**EXERCISE:**
Make an exact copy of the records, and keep the pictures out of it.
-*-
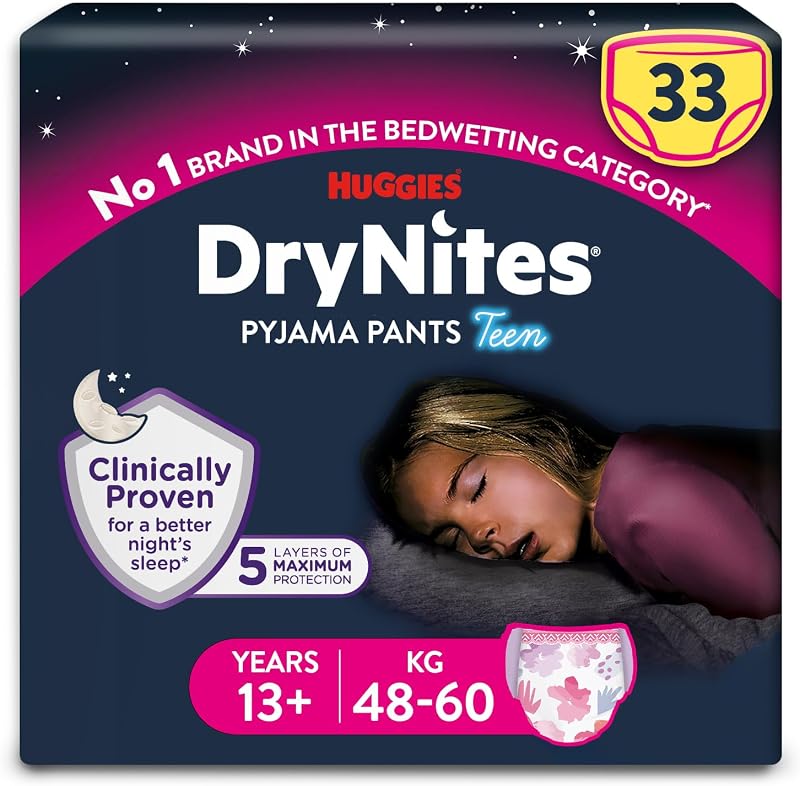 HUGGIES DryNites Pyjama Pants Girls 13+ Disney Frozen 48-60kg 33 ea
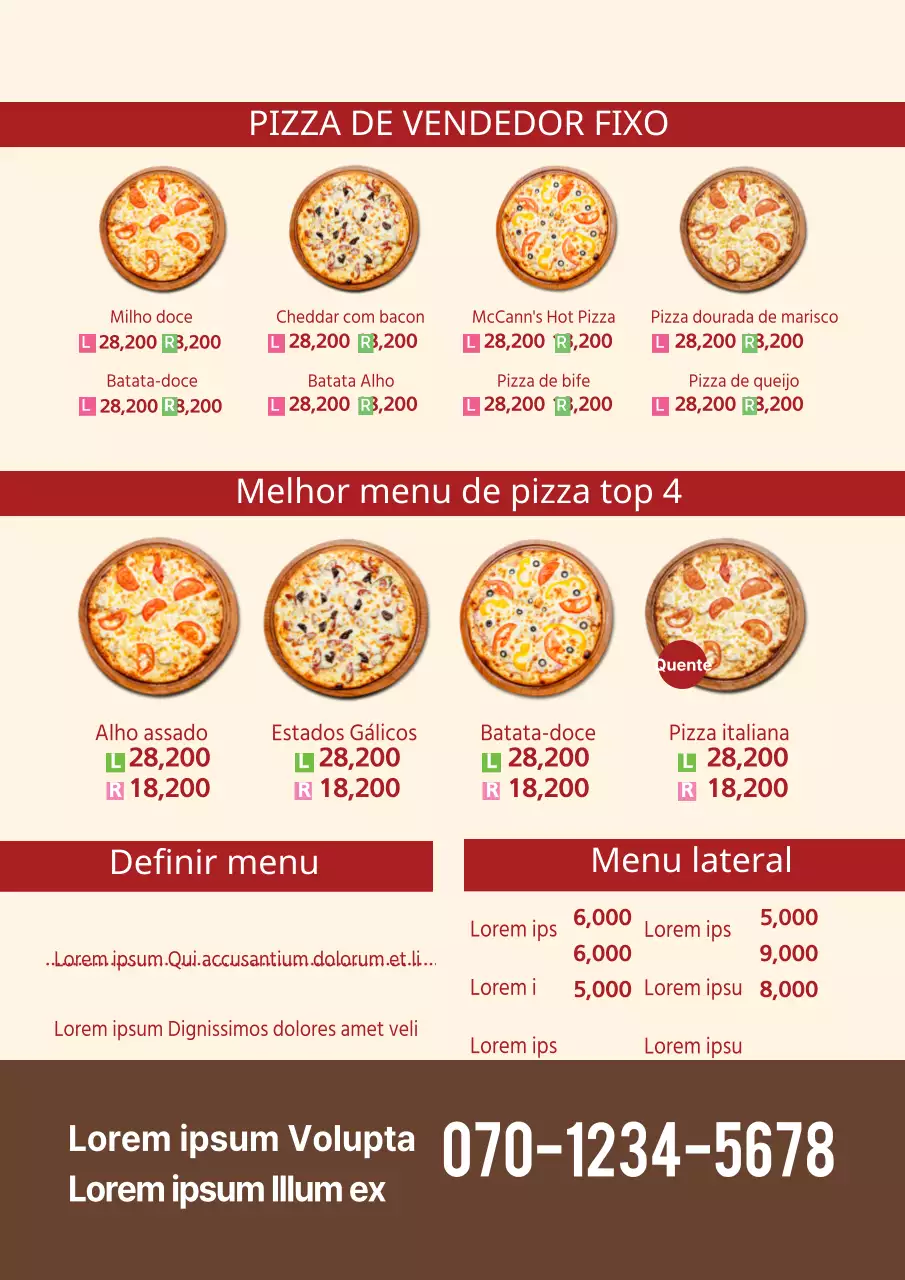 Mesa de menu de pizza com imagens de menu castanhas e vermelhas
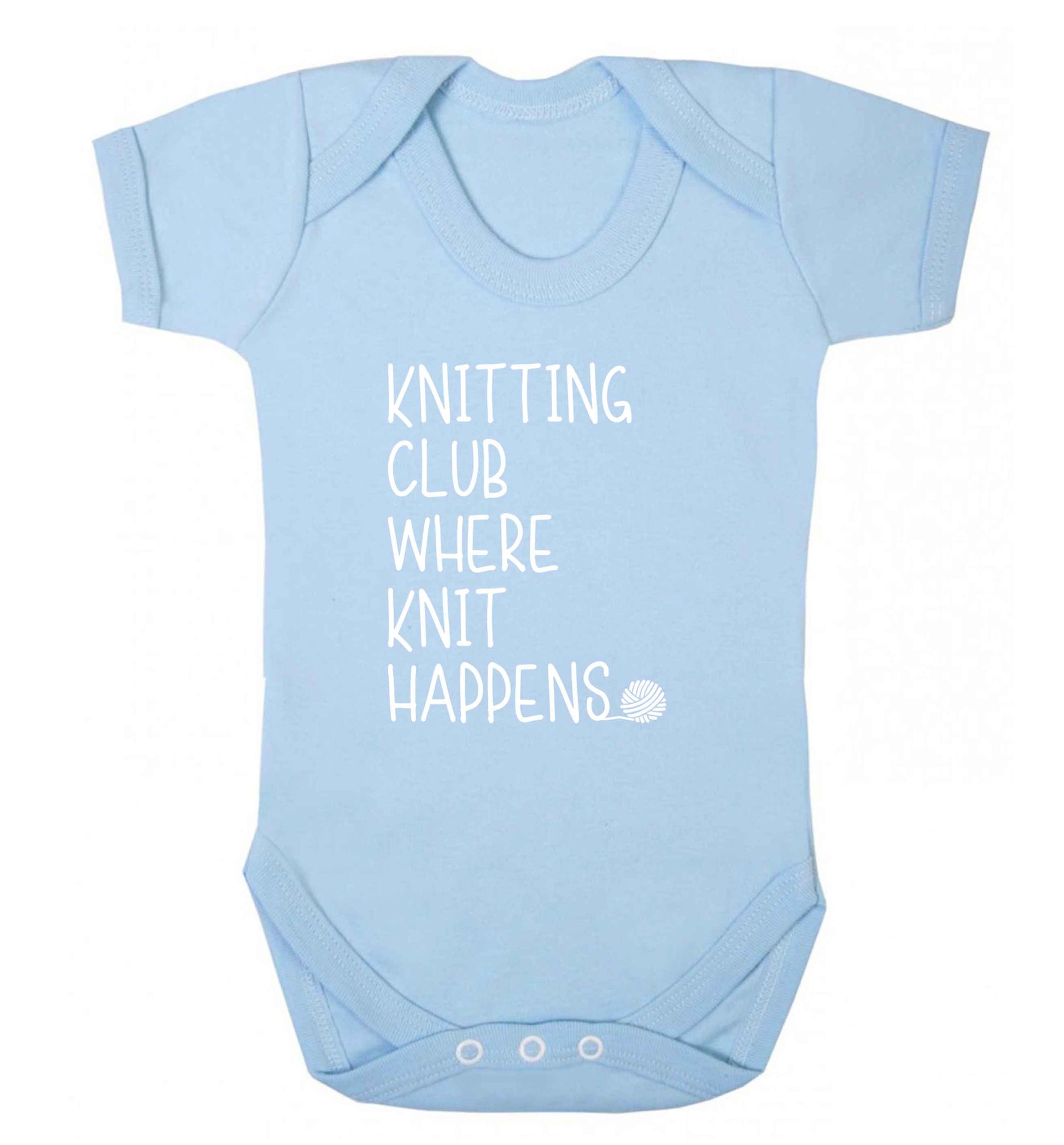 Knitting club where knit happens baby vest pale blue 18-24 months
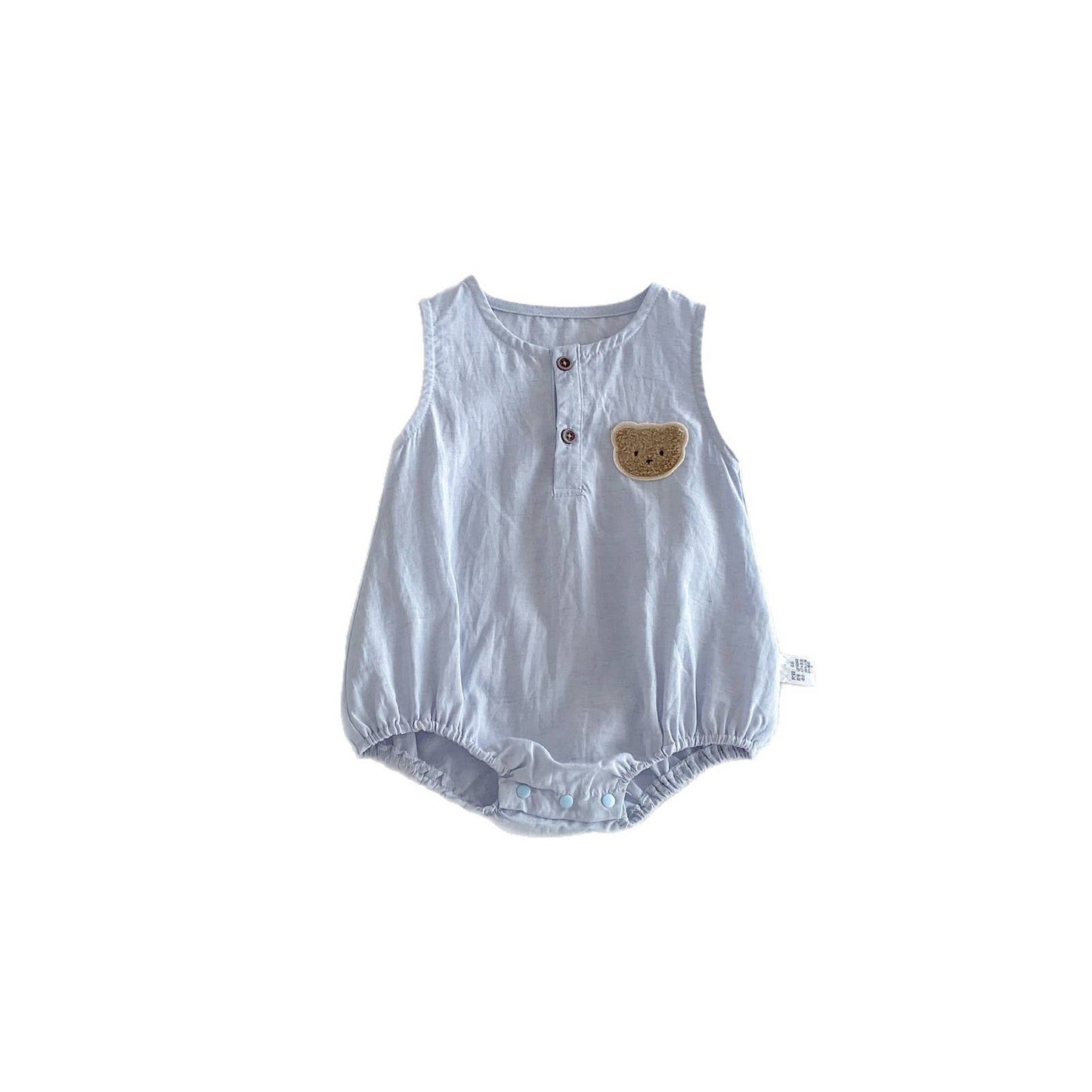 Blue Infant Romper Bear Embroidery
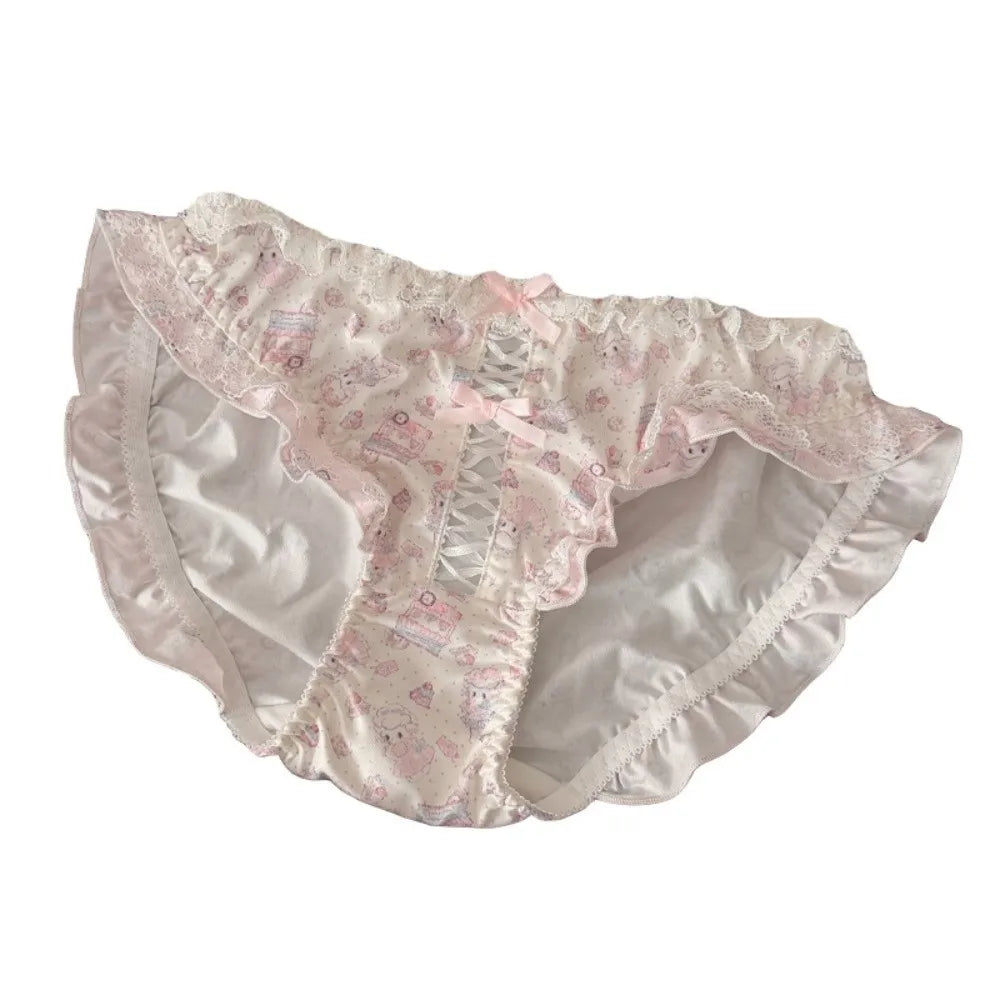 Kawaii Lace Bow Ruffle Briefs – Low Rise Cotton Crotch Women's Briefs PLUSH
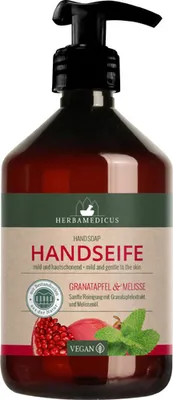 Produktbild von 4x500ml Vegan Handseife Granatapfel & Melisse Herbamedicus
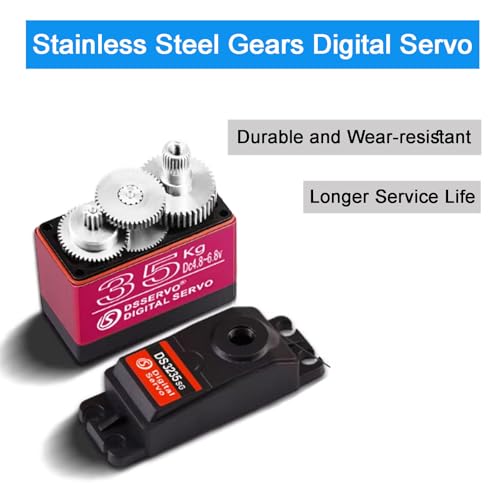 2Pcs 35KG Digital Servo 4.8-6.8V DS3235MG Stainless Steel Full Metal Gear High Torque Waterproof RC Servo for 1/8 1/10 Baja RC Car Rock Crawler Truck Buggy Airplane Boat Robotic Projects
-*-
**ANSWER BOX:**
 HUGGIES DryNites Pyjama Pants Girls 13+ Disney Frozen 48-60kg 33 ea
 Mesa de menu de pizza com imagens de menu castanhas e vermelhas
 Knitting club where knit happens baby vest pale blue 18-24 months
 Blue Infant Romper Bear Embroidery
 Kawaii Lace Bow Ruffle Briefs – Low Rise Cotton Crotch Women's Briefs PLUSH
 Produktbild von 4x500ml Vegan Handseife Granatapfel & Melisse Herbamedicus
 2Pcs 35KG Digital Servo 4.8-6.8V DS3235MG Stainless Steel Full Metal Gear High Torque Waterproof RC Servo for 1/8 1/10 Baja RC Car Rock Crawler Truck Buggy Airplane Boat Robotic Projects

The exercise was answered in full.